* Task to complete
Could you copy the data that follows exactly as written, but drop the pictures?

* Dataset records
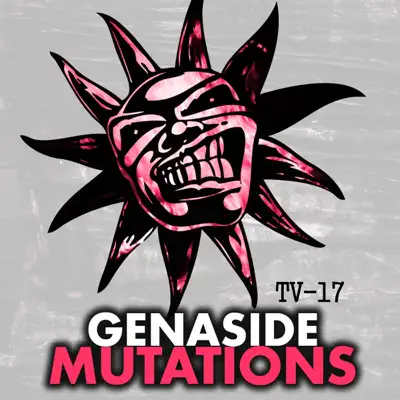 Dengarkan 'Mutations - EP' dari Genaside.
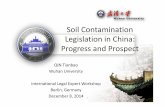 Soil Contamination Legislation in China · PDF fileSoil Contamination Legislation in China: ... the Ministry of Environmental Protection ... destroyed and the quality of crops will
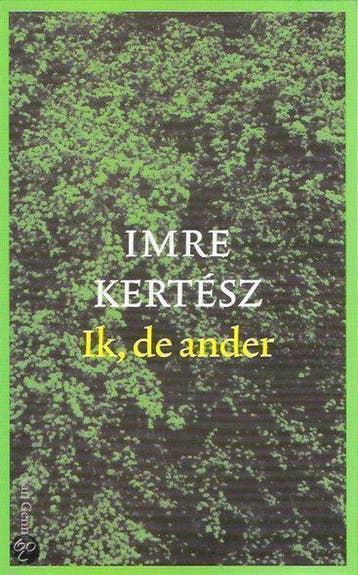 Ik, de ander (nieuw) 9789055153848 Imre Kertész, Verzenden, Imre Kertész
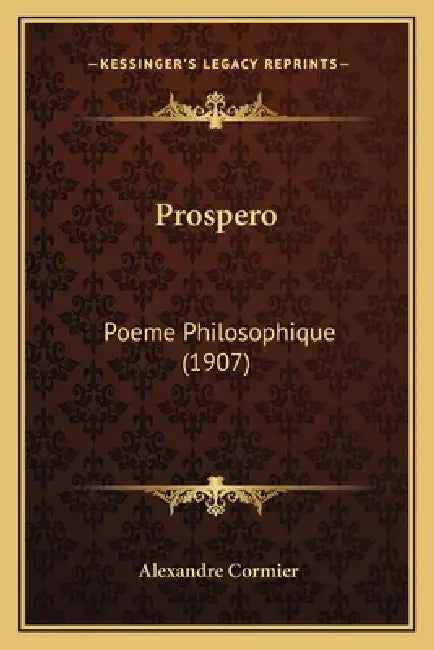 Prospero: Poeme Philosophique (1907) by Alexandre Cormier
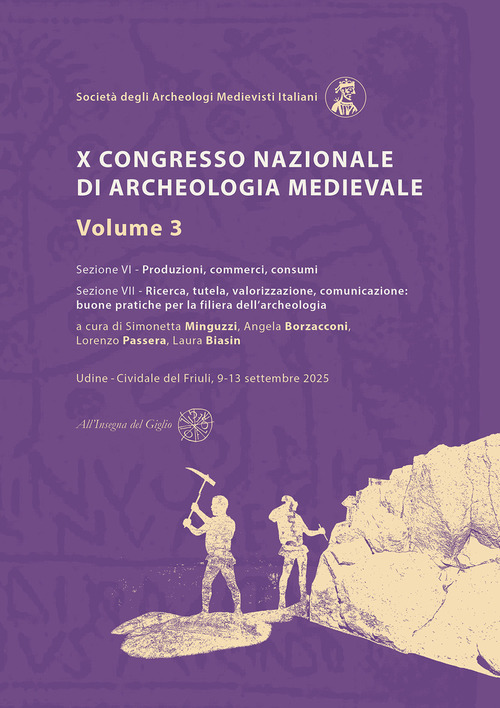 X Congresso Nazionale di archeologia medievale. Pré-tirages Udine?-?Cividale del Friuli, 9-13 settembre 2025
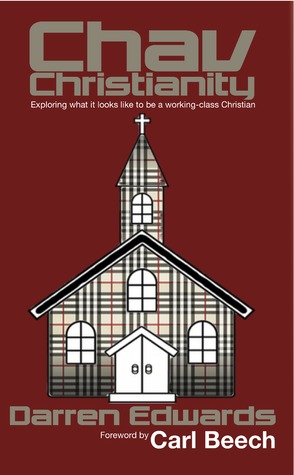 Chav Christianity: Exploring What It Looks Like to Be a Working-Class Christian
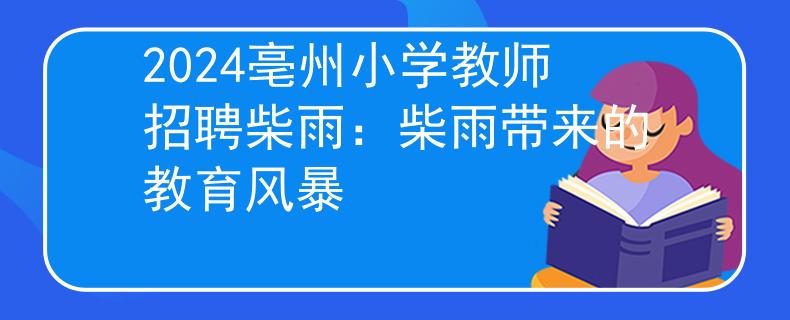 2024亳州小学教师招聘柴雨：柴雨带来的教育风暴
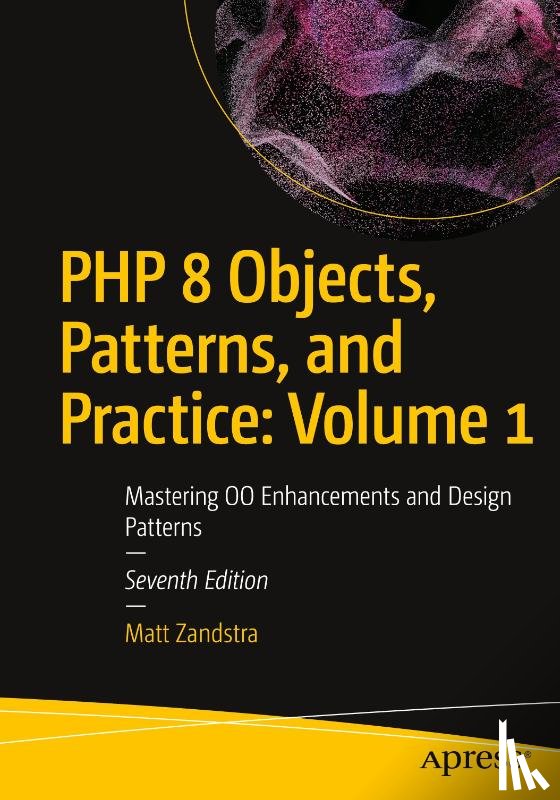 Zandstra, Matt - PHP 8 Objects, Patterns, and Practice: Volume 1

* Answer to the problem
 Dengarkan 'Mutations - EP' dari Genaside.
 Soil Contamination Legislation in China · PDF fileSoil Contamination Legislation in China: ... the Ministry of Environmental Protection ... destroyed and the quality of crops will
 Ik, de ander (nieuw) 9789055153848 Imre Kertész, Verzenden, Imre Kertész
 Prospero: Poeme Philosophique (1907) by Alexandre Cormier
 X Congresso Nazionale di archeologia medievale. Pré-tirages Udine?-?Cividale del Friuli, 9-13 settembre 2025
 Chav Christianity: Exploring What It Looks Like to Be a Working-Class Christian
 2024亳州小学教师招聘柴雨：柴雨带来的教育风暴
 Zandstra, Matt - PHP 8 Objects, Patterns, and Practice: Volume 1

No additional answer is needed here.